Cinquante ans après son appel du 1er février 1954, le discours de l’abbé Pierre reste toujours tristement d’actualité avec une pénurie de logement qui touche plus de trois millions de personnes en France. Face à ce constat, le gouvernement se veut optimiste.

"Malheur à nous, gens heureux", a déclaré dimanche soir l’abbé Pierre devant quelque 6.000 personnes rassemblées à Paris, devant le Trocadéro. "Vous qui possédez des locaux vides et habitables et réussissez à empêcher les réquisitions que permet la loi, vous qui, sur des terrains à bâtir, proches de votre domicile confortable, faites que soient refusés les permis de construire des logements sociaux", "malheur à vous, à nous, car beaucoup des nôtres agissent ainsi ..." a poursuivit l’homme d’église. Le fondateur d'Emmaüs a ensuite clairement demandé , "d'imposer aux élus et au gouvernement" une autre politique.

La réponse a été rapide... et au plus au niveau ! Après son discours, l’abbé a été reçu durant une heure à l'Elysée par le chef de l'Etat. Celui-ci s'est vu remettre le rapport de la fondation Abbé Pierre sur l'état du "mal-logement". Ce rapport souligne que si la situation n'est en rien comparable à celle de 1956, 3,1 millions de personnes vivent aujourd'hui des situations de précarité et dans des formes d'habitat qui relèvent de la survie.
Devant un tel constat, "la question des réquisitions a été abordée" a indiqué Martin Hirsch, président d'Emmaüs-France. "Le président de la République a indiqué qu'il comprenait, qu'il pensait effectivement que la réquisition était importante", a-t-il précisé.

L’abbé Pierre "a raison de tirer la sonnette d'alarme", avait déclaré mercredi le ministre du Logement Gilles de Robien. Il a promis "80.000 logements sociaux de plus en 2004" et a affirmé qu'"environ 58.000" avaient été bâtis en 2003 (ndlr : ce chiffre de 80.000 logements est contesté par la Fondation Abbé Pierre qui avance celui de 40.000). Reste que l'Institut français de la statistique (INSEE) évalue le besoin potentiel à 320.000 logements par an pour la période 2000-2004.

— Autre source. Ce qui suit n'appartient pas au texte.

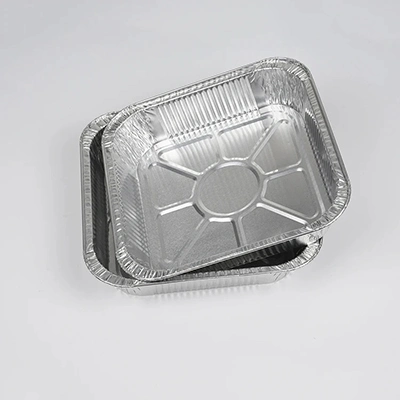 Aluminum Oval Cheesecake Pan 6 Inch 50 Pack Cake Pan with Lids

"Il y a un rythme de construction du logement insuffisant par rapport aux besoins, et à la démographie" malgré "beaucoup de savoir-faire" en matière de construction, a expliqué Gilles de Robien sur RFI. "Mon défi c'est de passer d'un rythme de logements sociaux de l'ordre de 50.000 dans les années passées à 80.000 en 2004". "Je suis sûr que les acteurs sociaux, les bailleurs sociaux vont être mobilisés" pour cet objectif, a avancé Gilles de Robien. Ce dernier souhaite en effet "donner de nouveaux moyens" en la matière car "les moyens classiques ont limité la construction de logement à un trop faible nombre".
Gilles de Robien a souligné qu'"en 2003, pour la première fois, on va dépasser les 20.000 logements sociaux en mixité sociale". Et le ministre d’ajouter qu’il ne veut pas "condamner des gens modestes à faire la queue des HLM pour être locataires" mais les "encourager à devenir propriétaires à un coup raisonnable"
"On est sur la bonne pente, sur la pente vertueuse", a conclu Gilles de Robien, "2004 sera une très grande année pour le logement".